● **Requirement**:
Without including any picture, return the complete set of records exactly.

BEGIN Source material

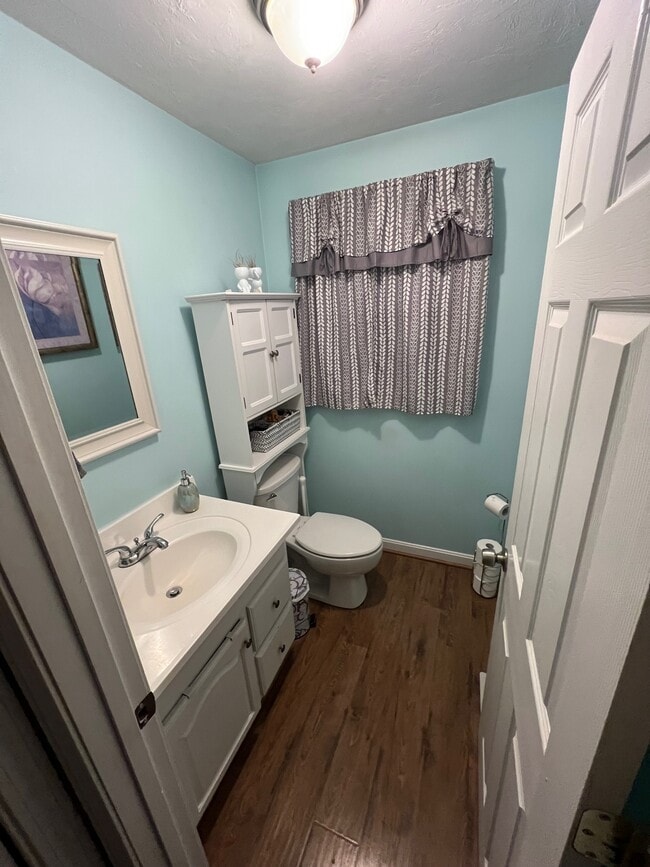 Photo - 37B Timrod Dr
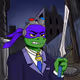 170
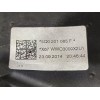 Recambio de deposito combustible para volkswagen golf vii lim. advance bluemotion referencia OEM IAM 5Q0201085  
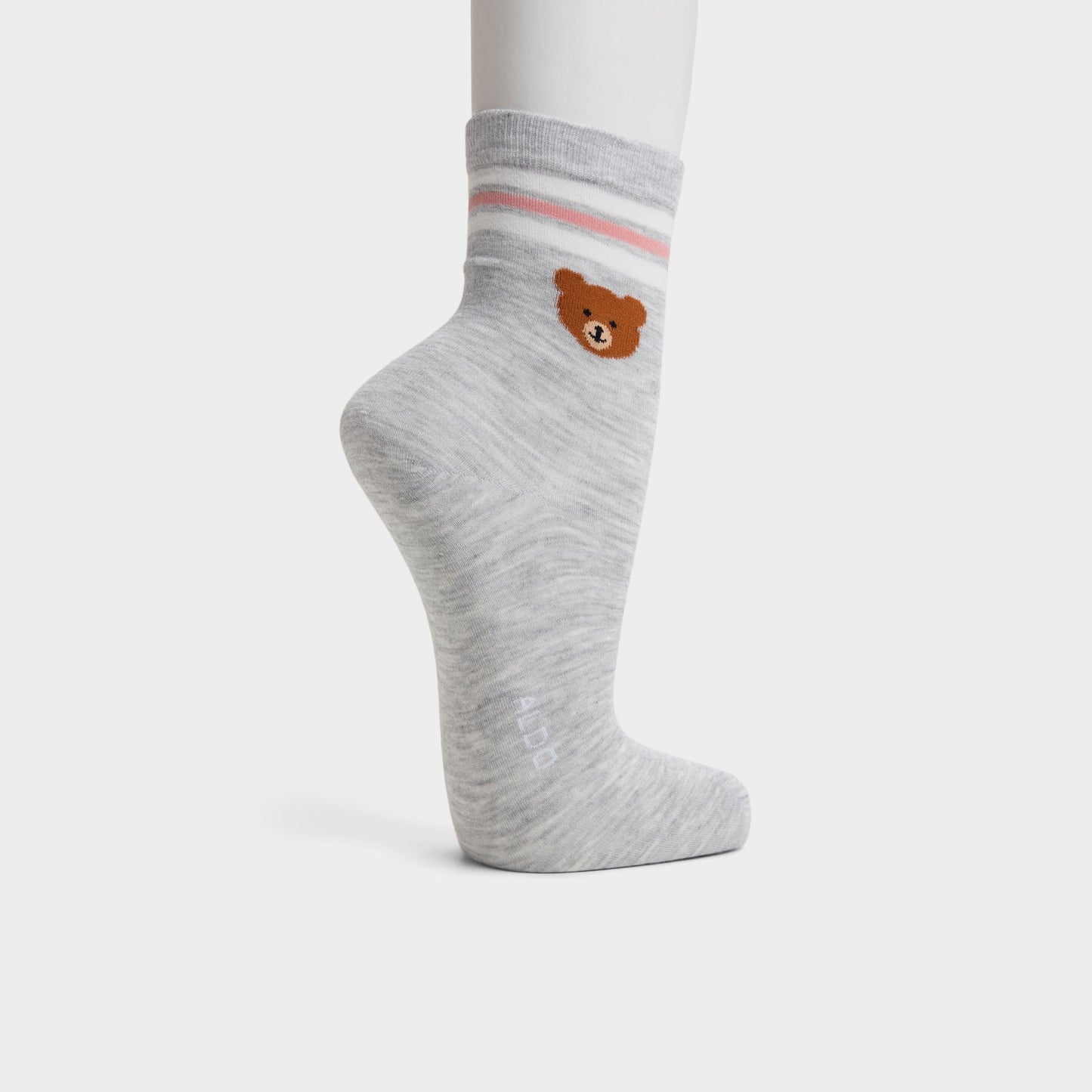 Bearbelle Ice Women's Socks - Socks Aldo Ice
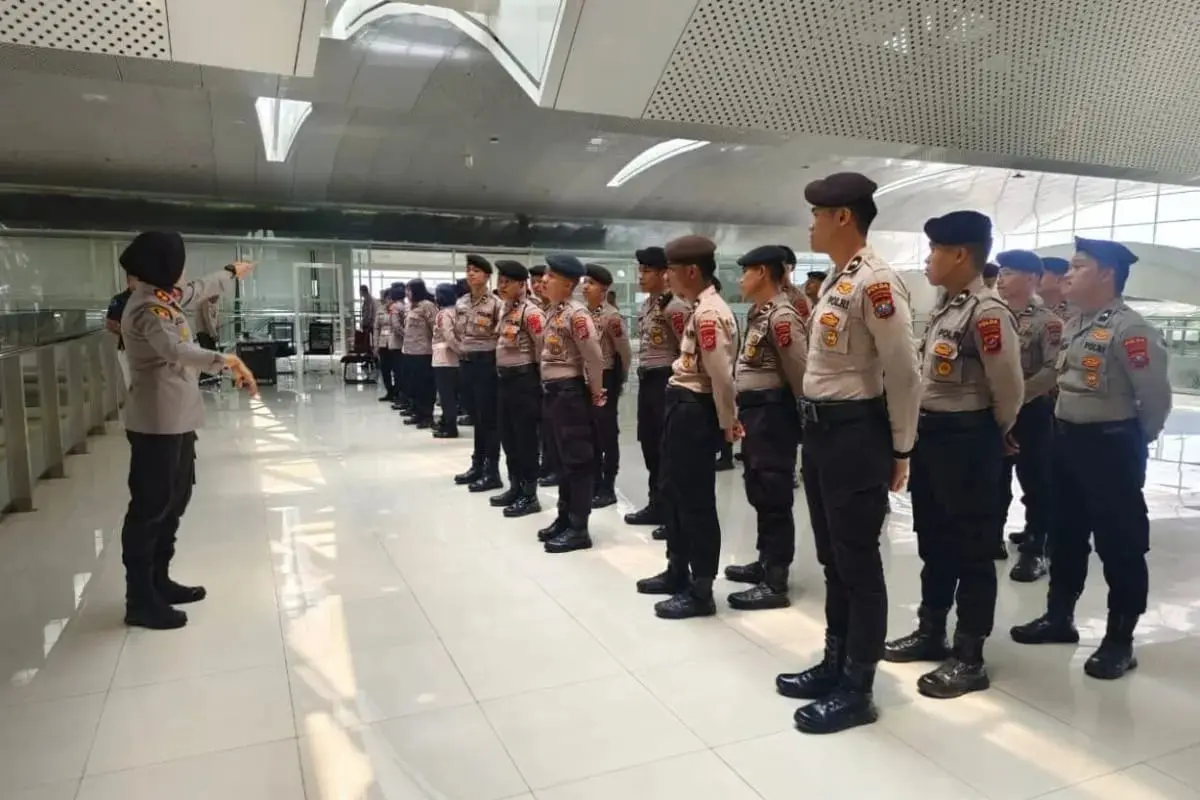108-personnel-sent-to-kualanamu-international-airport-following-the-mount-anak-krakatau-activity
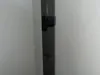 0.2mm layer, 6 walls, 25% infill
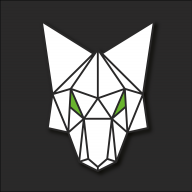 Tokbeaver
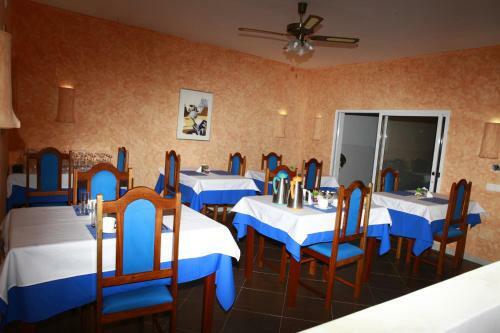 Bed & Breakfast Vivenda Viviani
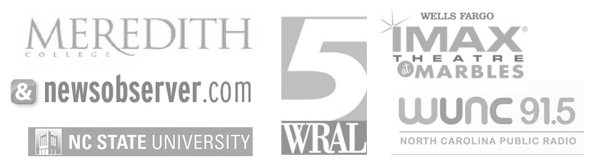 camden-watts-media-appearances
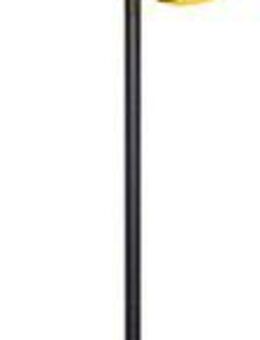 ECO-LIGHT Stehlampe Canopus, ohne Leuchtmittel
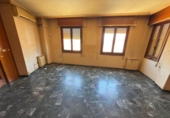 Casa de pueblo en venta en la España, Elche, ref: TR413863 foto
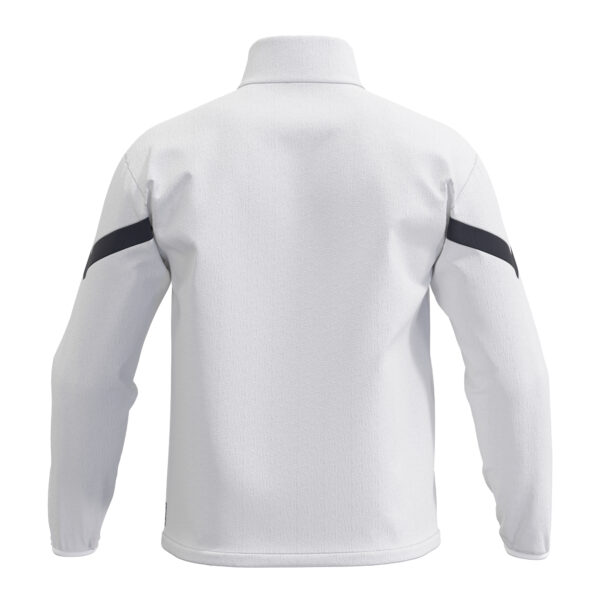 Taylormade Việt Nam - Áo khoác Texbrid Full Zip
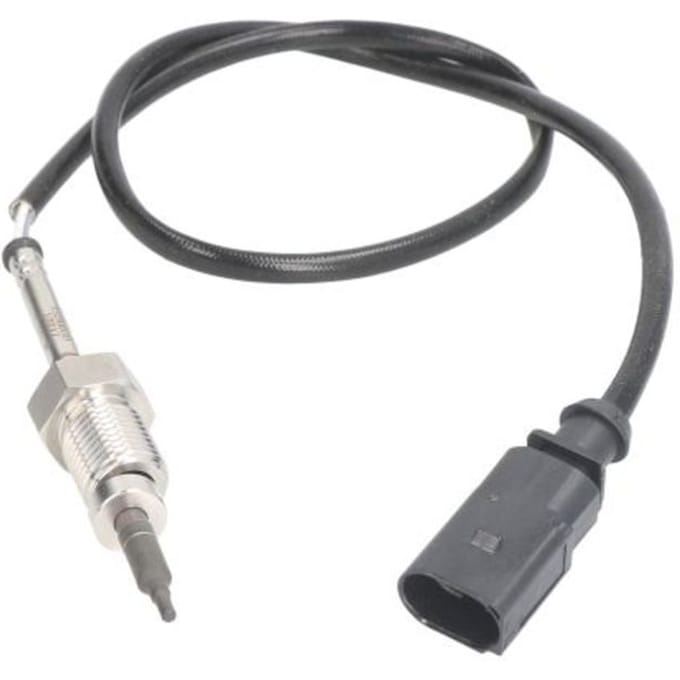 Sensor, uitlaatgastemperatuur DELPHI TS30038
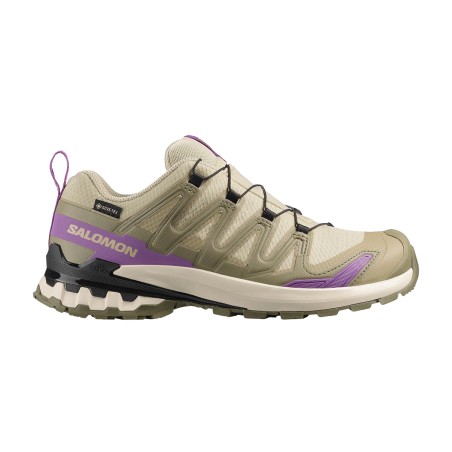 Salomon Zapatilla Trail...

END Source material

● **Written answer**:
 Photo - 37B Timrod Dr
 170
 Recambio de deposito combustible para volkswagen golf vii lim. advance bluemotion referencia OEM IAM 5Q0201085  
 Bearbelle Ice Women's Socks - Socks Aldo Ice
108-personnel-sent-to-kualanamu-international-airport-following-the-mount-anak-krakatau-activity
 0.2mm layer, 6 walls, 25% infill
 Tokbeaver
 Bed & Breakfast Vivenda Viviani
 camden-watts-media-appearances
 ECO-LIGHT Stehlampe Canopus, ohne Leuchtmittel
 Casa de pueblo en venta en la España, Elche, ref: TR413863 foto
 Taylormade Việt Nam - Áo khoác Texbrid Full Zip
 Sensor, uitlaatgastemperatuur DELPHI TS30038
 Salomon Zapatilla Trail...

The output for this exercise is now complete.